**Data shown**
== Segment start ==

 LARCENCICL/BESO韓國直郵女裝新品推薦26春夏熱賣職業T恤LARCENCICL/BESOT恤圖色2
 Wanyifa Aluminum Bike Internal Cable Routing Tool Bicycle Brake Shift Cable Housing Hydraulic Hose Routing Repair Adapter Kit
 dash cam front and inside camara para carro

== Segment end ==

**How to complete this task**
All the data above is to be given again, exactly.

**Answer to this problem**
 LARCENCICL/BESO韓國直郵女裝新品推薦26春夏熱賣職業T恤LARCENCICL/BESOT恤圖色2
 Wanyifa Aluminum Bike Internal Cable Routing Tool Bicycle Brake Shift Cable Housing Hydraulic Hose Routing Repair Adapter Kit
 dash cam front and inside camara para carro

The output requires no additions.